Of course, the problem with this argument has always been that it assumes the truth behind everything. It assumes that when it came to spying, the NSA doesn’t do anything wrong — that it just is what it is, a secretive organization that, according to those who know it best, is perfectly willing to use its resources to spy on people they don’t like, often by accident.
But now, as it was revealed by The Washington Post on Monday , that’s all part of the story. The NSA’s defenders — as well as its critics, by the way — believe that it’s only a matter of time before we find out which agency did what to whom, and there could be some serious consequences if they decide not to cooperate.

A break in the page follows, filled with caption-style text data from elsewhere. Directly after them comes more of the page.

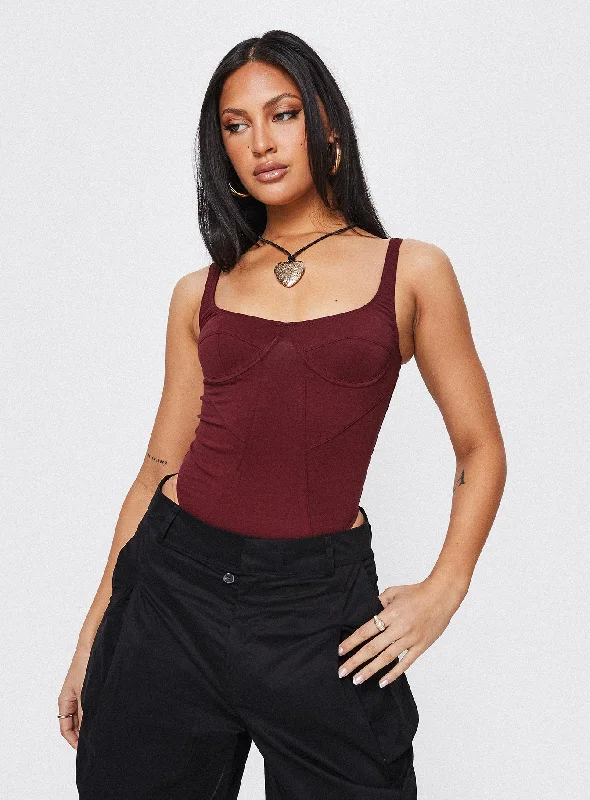 Mesh Bodysuits for a Bold and Edgy Fashion StatementJe Taime Bodysuit Burgundy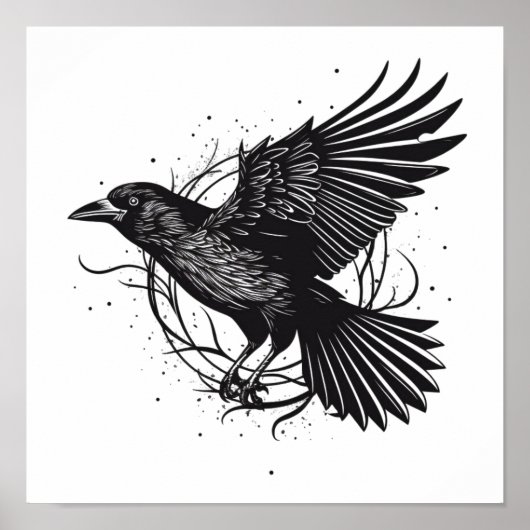 Common Raven Crow Black Mysit Norse Flying Design Poster (Voorkant)
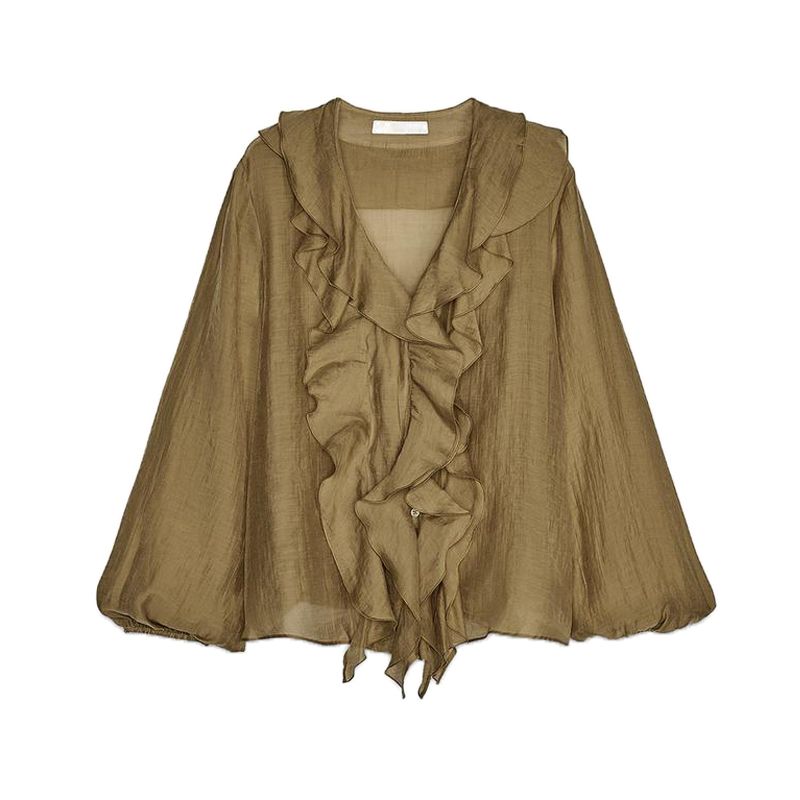 

Za New Women clothes French style Retro Frill Blended Laminated Decoration V-neck Long sleeve Shirts Top 9479040 Mustard M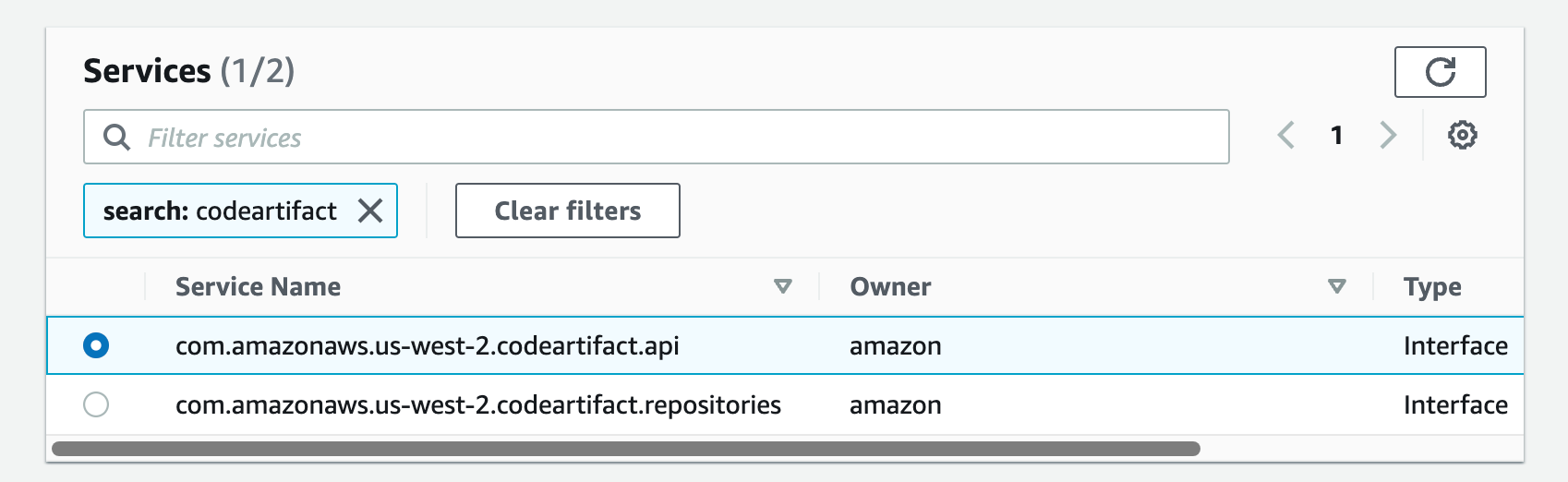 Figure 28. Screenshot: create endpoint select services with com.amazonaws.us-west-2.codeartifact.api selected.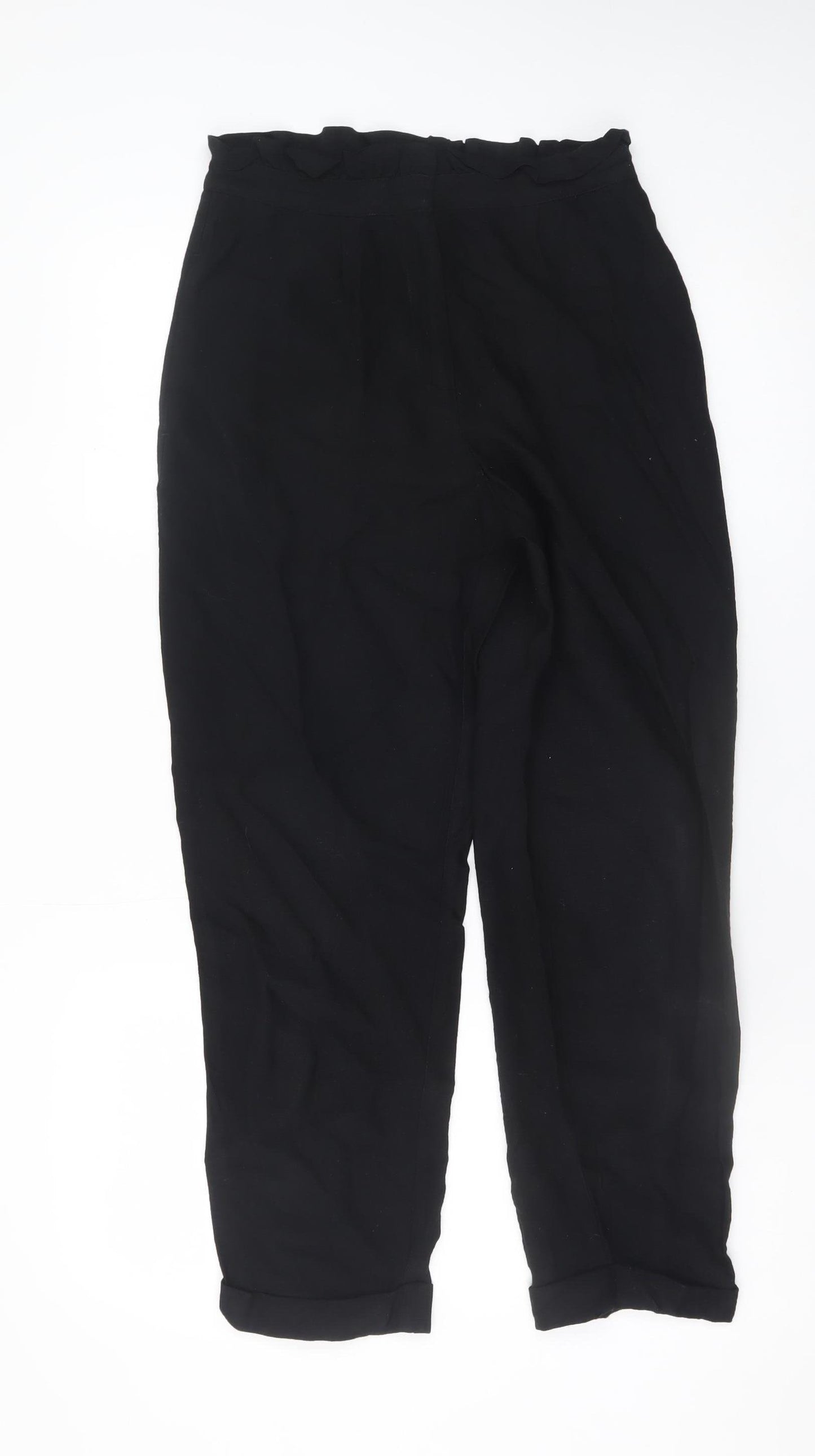 Topshop Women’s Black Paperbag High Waist Tapered Trousers Size 8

Here’s how The Washington Post describes those consequences. The NSA, it says, “has a system for reviewing, approving and monitoring the materials it receives from foreign partners, to avoid or mitigate against embarrassing disclosures or improper surveillance.” It also doesn’t do so by accident. The Post notes that the NSA’s general counsel has instructed staff to be cautious and “careful” about reviewing the files that come back from foreign sources, adding, “When it finds the files, the agency makes ‘a case to the foreign partner’ to prevent the disclosures, and then sends back the files.”
I’m not sure how much trust we can have in such a highly classified organization, when we know they can spy on you (and even on their own people) just because it comes up as a problem to them or their allies.